“You are very late, Nychol!” cried a sharp voice; “the gallows was erected at noon, and it takes but six hours to come from Skongen to Vygla. Did you have an extra job?”
These questions were asked just as the door was opened. The woman who opened it, seeing two strange faces instead of the one which she expected, uttered a frightened, threatening shriek, and started back.
Her appearance was by no means reassuring. She was tall; she held above her head an iron lamp, which threw a bright light upon her face. Her livid features, her bony, angular figure, were corpse-like, and her hollow eyes emitted ominous flashes like those of a funeral torch. She wore a red serge petticoat, reaching to her bare feet, and apparently stained in spots with deeper red. Her fleshless breast was half covered by a man’s jacket of the same color, the sleeves of which were cut off at the elbow. The wind, coming in at the open door, blew about her head her long gray hair, which was insecurely fastened with a strip of bark, and lent an added ferocity to her savage face.
“Good lady,” said the younger of the new-comers, “the rain falls in floods; you have a roof, and we have gold.”
His aged comrade plucked him by the cloak, whispering, “Oh, master, what are you saying? If this be not the abode of the Devil, it is the habitation of some robber. Our money, instead of protecting us, will be our ruin.”
“Hush!” said the young man; and drawing a purse from his bosom, he displayed it to his hostess, repeating his request as he did so.
The woman, recovering from her surprise, studied them in turn with fixed and haggard eyes.
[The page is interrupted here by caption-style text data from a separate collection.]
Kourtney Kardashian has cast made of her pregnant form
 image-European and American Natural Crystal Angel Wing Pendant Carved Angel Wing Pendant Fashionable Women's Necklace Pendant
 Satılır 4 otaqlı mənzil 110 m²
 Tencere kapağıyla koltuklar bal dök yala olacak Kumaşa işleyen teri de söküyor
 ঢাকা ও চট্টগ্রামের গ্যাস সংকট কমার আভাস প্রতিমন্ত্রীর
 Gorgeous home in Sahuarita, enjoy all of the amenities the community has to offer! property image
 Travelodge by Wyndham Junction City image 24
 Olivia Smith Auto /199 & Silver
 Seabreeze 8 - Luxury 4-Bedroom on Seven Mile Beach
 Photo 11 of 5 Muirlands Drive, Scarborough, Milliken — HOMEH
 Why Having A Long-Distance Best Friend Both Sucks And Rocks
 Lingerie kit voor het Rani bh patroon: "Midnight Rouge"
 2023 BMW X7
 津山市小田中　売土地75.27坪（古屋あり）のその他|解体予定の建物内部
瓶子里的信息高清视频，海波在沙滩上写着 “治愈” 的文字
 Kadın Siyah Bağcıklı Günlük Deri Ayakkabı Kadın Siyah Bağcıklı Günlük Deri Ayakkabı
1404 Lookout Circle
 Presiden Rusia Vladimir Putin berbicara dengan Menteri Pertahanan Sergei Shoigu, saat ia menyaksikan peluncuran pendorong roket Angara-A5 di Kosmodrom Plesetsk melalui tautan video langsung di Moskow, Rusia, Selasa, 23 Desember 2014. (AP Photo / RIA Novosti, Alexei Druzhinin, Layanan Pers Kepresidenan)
“Strangers,” she cried at last, as if she had not heard their voices, “have your guardian angels forsaken you? What would you with the cursed inhabitants of the Cursed Tower? Strangers, they were no mortals who sent you here for shelter, or they would have told you: Better are the lightning and the storm than the hearth within Vygla tower. The only living man who may enter here, enters the abode of no other human being; he only leaves solitude for a crowd; he lives only by death; he has no place save in the curses of men; he serves their vengeance only; he exists by their crimes alone; and the vilest criminal, in the hour of his doom, vents on him the universal scorn, and feels that he has a right to add to it his own contempt. Strangers! You must indeed be strangers, for your foot does not yet shrink with horror from the threshold of this tower. Disturb no longer the she-wolf and her cubs; return to the road travelled by the rest of mankind, and if you would not be shunned by your fellows, do not tell them that your face ever caught the rays of the lamp of the dwellers in Vygla tower.” With these words, pointing to the door, she advanced toward the two travellers. The old man trembled in every limb, and looked imploringly at the young man, who, understanding nothing of the tall woman’s words because of the great rapidity of her speech, thought her crazy, and was in no wise disposed to go out again into the rain, which still fell heavily.
“Faith, good hostess, you describe a strange character, whose acquaintance I would not lose this chance of making.”
“His acquaintance, young man, is soon made, sooner ended. If your evil spirit urge you to seek it, go kill some living man, or profane the dead.”